Boko Haram, another Islamic extremist organization based in Nigeria, is currently operating within the same vicinity as the terrorist organization, causing speculation about whether or not the two organizations could join forces.
A U.S. intelligence official said although the two organizations are operating out of a similar territory, the one aspect that could keep them from collaborating is racism, NBC News reported.
“The Arab world is incredibly racist,” the official said in an interview with NBC News. “They don’t see black Africans as equivalent to them.”
ISIS, also known as The Islamic State of Iraq and the Levant, or ISIL, declared itself a “worldwide caliphate” in June 2014 and currently operates in Iraq, Syria and northern Africa.
Through its propaganda wing, al-Hayat Media, ISIS released a video where its members appeared to behead 21 Egyptian Christians on a Liberian beach last Sunday.
Boko Haram made worldwide headlines last April when its members kidnapped over 200 schoolgirls in the dead of night.
Last Saturday, Boko Haram seemed prepared to attack the northeastern Nigerian city of Maiduguri, which could put nearly 200,000 Christians at risk.
While the Islamic extremist organizations share similar beliefs, they vary heavily in their numbers.

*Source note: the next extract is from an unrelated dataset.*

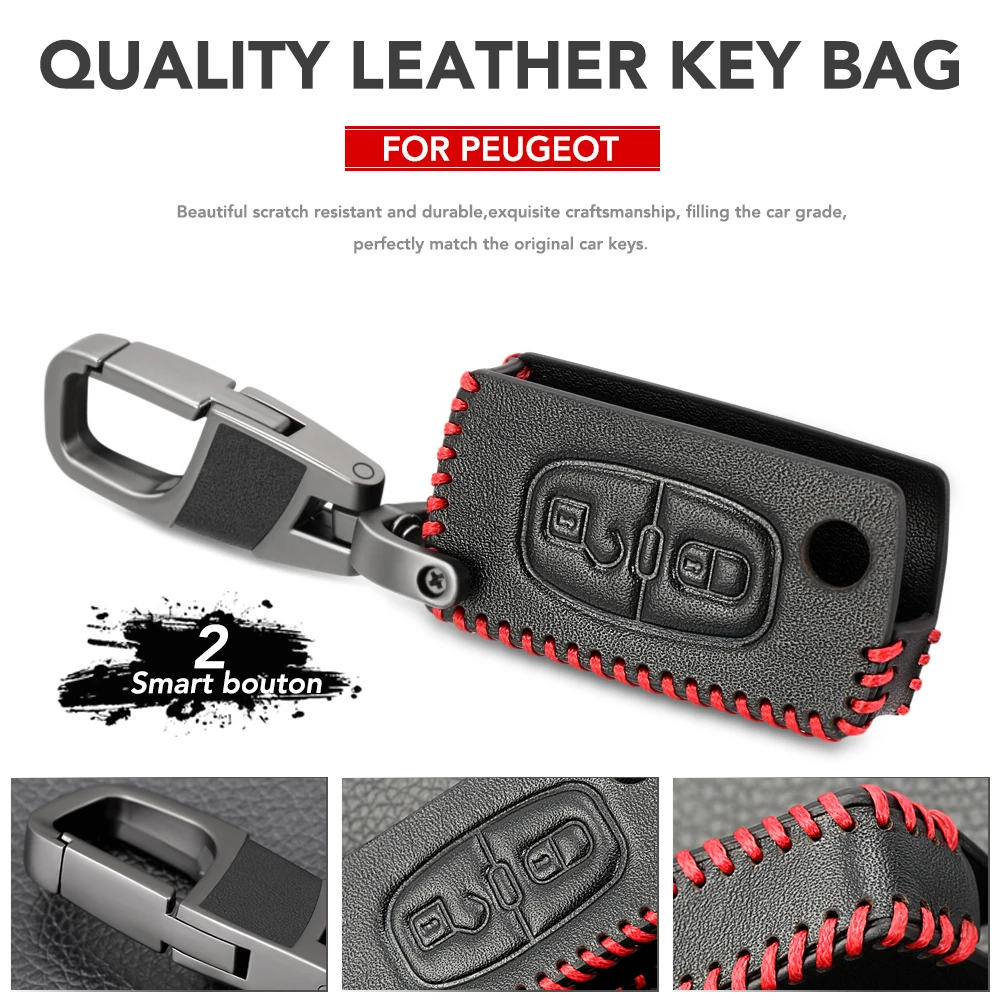 Genuine Leather Car Key Case Covers Keychain For Peugeot 107 207 307 308 407 607 206 208 301 406 408 508 2008 3008 4008 | Автомобили и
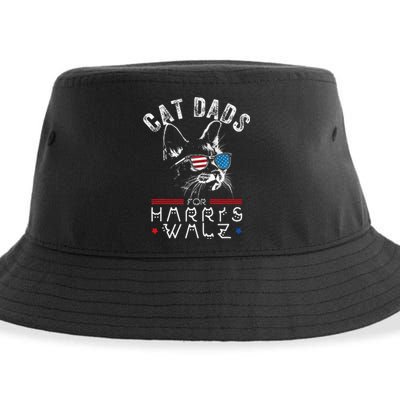 Funny Cat Dads For Harris Waltz 2024 Usa Flag Sustainable Bucket Hat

ISIS has as many as 31,000 fighters while Boko Haram has about 6,000. ISIS has also gained a greater worldwide following; about 2,700 of their soldiers are Westerners.
For now, officials believe the Syrian-based group has no ties with Boko Haram.
“There are still questions of the ISIS view of Boko Haram and Nigeria,” the official said. “But Boko Haram does not operate in sync with ISIS. The caliphates are separate.”